# My first classic ride



## Monarky (Mar 8, 2013)

Hello all check out my first classic ride. Let me know what you guys think?


----------



## Dan the bike man (Mar 8, 2013)

Cool, I like it! Anytime you got a vintage bike with orig. paint you got a good bike! Ride the heck out of it!


----------



## Monarky (Mar 8, 2013)

Dan the bike man said:


> Cool, I like it! Anytime you got a vintage bike with orig. paint you got a good bike! Ride the heck out of it!




Thanks Dan....I  look forward to doing just that.


----------



## vincev (Mar 8, 2013)

Great start!


----------



## Monarky (Mar 9, 2013)

vincev said:


> Great start!



Thanks....I got a few accessories I still have to add to its character of Monarky


----------



## rollfaster (Mar 16, 2013)

*first claasic ride*

very cool first ride.ride with pride.love patina on original paint.


----------



## Sped Man (Mar 17, 2013)

Looks great! Are you planning on restoring it?


----------



## Monarky (Mar 18, 2013)

57 spitfire said:


> very cool first ride.ride with pride.love patina on original paint.

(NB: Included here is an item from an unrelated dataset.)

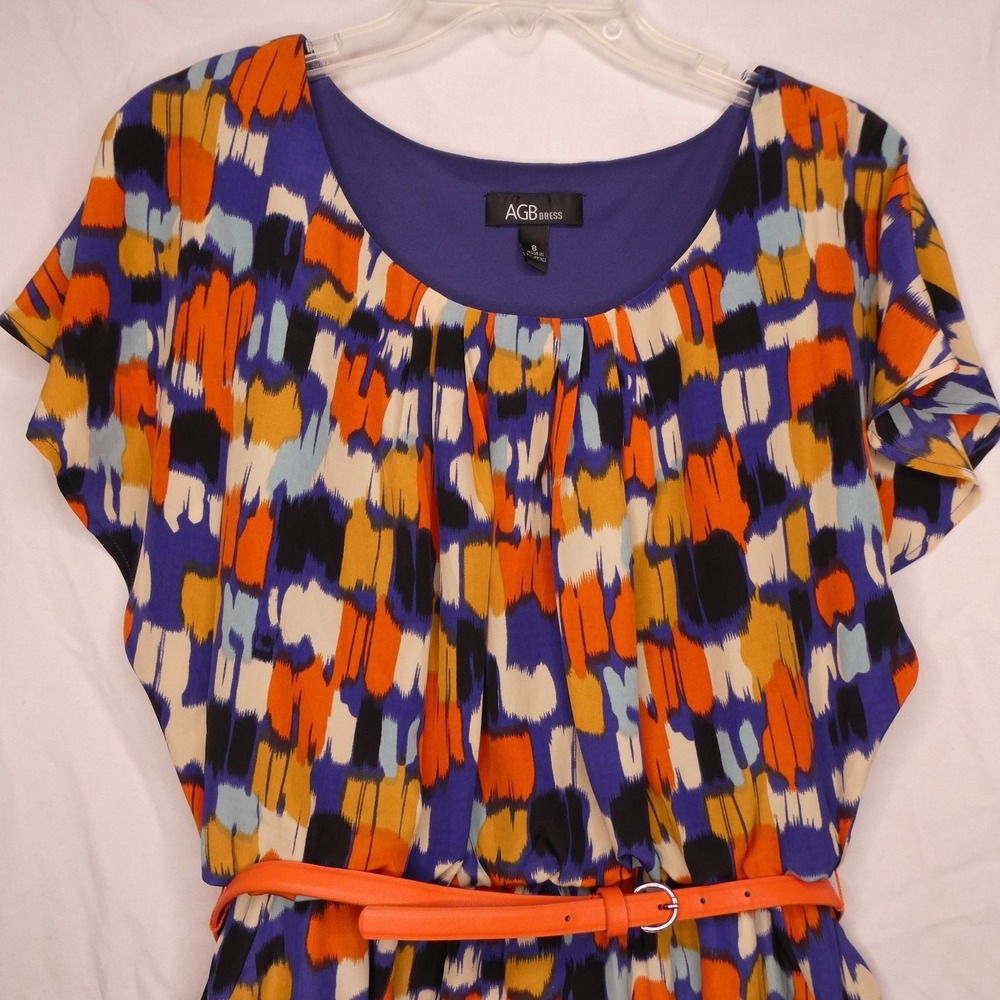 AGB Dress Shift‎ Dress Womens 8 Blue Orange Abstract Print Belted Flutter Sleeve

Thanks a lot 57 Spitfire...I sure do enjoy riding it and still working on putting on some of the other parts that I have for it like the rear rack and pedestal light.  Your bike looks really cool and complete. What brand and model is it?


----------



## Monarky (Mar 18, 2013)

Sped Man said:


> Looks great! Are you planning on restoring it?




Hi there Sped Man, right now my son and I are putting together a 1950 Monark, Super Deluxe for him but for now I really enjoy my 1947 with its originality and patina. So what type of bike(s) do you have or have restored? Let me know or send pics I like seeing other people's work. Thanks again for your feedback. Monarky


----------